I need to remind myself of Hanlon’s Razor: Don’t assume conspiracy as an explanation when ineptitude will suffice.
Good to see some thoughtful push back on the very one sided AELP position.
Andrew. You lost your job. It happens A there ways to get through it. Therapy. A nice walk. Monthly rants (with bitter emphasis on people who bother to call you out) is probably not the healthiest!
Well said! The government has not acted in the interest of staff. The immediate effect has caused stress and uncertainty.
The learners have been let down too. The opportunity for the learners to gain Wnglish and maths qualifications to help with their careers going forward has been belittled.
This was a poorly thought through move. How could the government have the audacity to celebrate such a negative and backward thinking action?
The Removal of Functional Skills Requirements in Apprenticeships: A Fool’s Folly
The recent decision to remove the requirement for English and maths qualifications in adult apprenticeships is a significant step backwards in adult education. As someone who has spent over 20 years teaching adults—more than a decade of that in Functional Skills—I have seen first-hand how mathematics and English serve as fundamental pillars in developing confidence, resilience, and critical thinking.
Many adult learners come to Functional Skills with deeply ingrained educational trauma, often stemming from their compulsory schooling years. They carry the scars of ridicule, humiliation, and marginalisation, having been labelled as “failures” simply because they did not develop the ability to learn effectively. Functional Skills has played a transformative role in giving these individuals the opportunity to rewrite their educational narratives, enabling them to face their fears and develop lifelong learning habits.
Mathematics, in particular, has long been a barrier to success, but it is also a gateway to self-belief. Once an adult learner grasps a complex mathematical concept, they begin to see themselves as capable, intelligent individuals. This shift in self-perception is a powerful catalyst for growth, propelling them toward academic achievements, career progression, and financial independence. More importantly, an educated workforce does not just benefit the individual—families thrive when parents and grandparents can support their children’s education, and society gains productive, engaged citizens instead of individuals reliant on state benefits.
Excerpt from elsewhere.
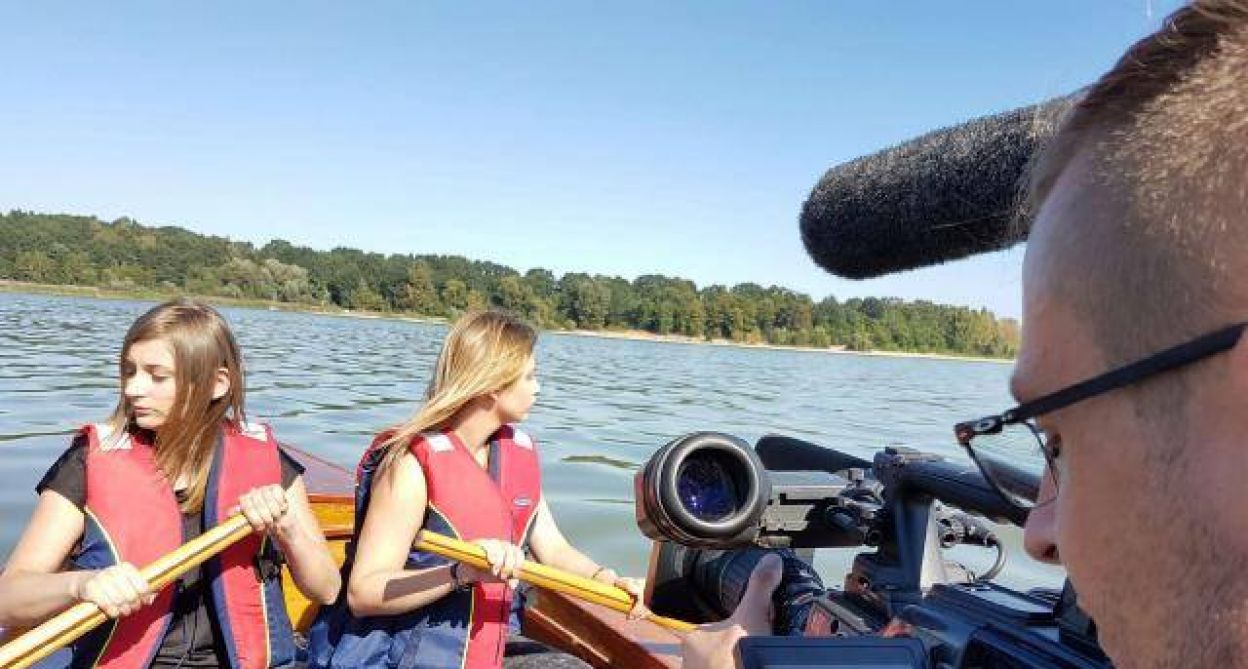 Córki Wandy Szeptun chcą dowiedzieć się, co stało się z ich mamą nad jeziorem Nyskim (fot. TVP)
Removing Functional Skills from apprenticeships sends a damaging message: that these essential skills do not matter, that adults should be left to struggle with literacy and numeracy, and that breaking the cycle of poor education is no longer a priority. This is an inept solution to the sector’s challenges. Instead of removing the requirement, we should be investing in better support, more accessible learning opportunities, and a more tailored approach to adult education.
Functional Skills was never just about passing a test; it was about empowering individuals to believe in their own potential. To abandon this now is not just a disservice to learners but a grave misstep for the future of our workforce and society as a whole.
Nigel Hooson
Functional Skills Tutor & Researcher in Adult Transformative Learning.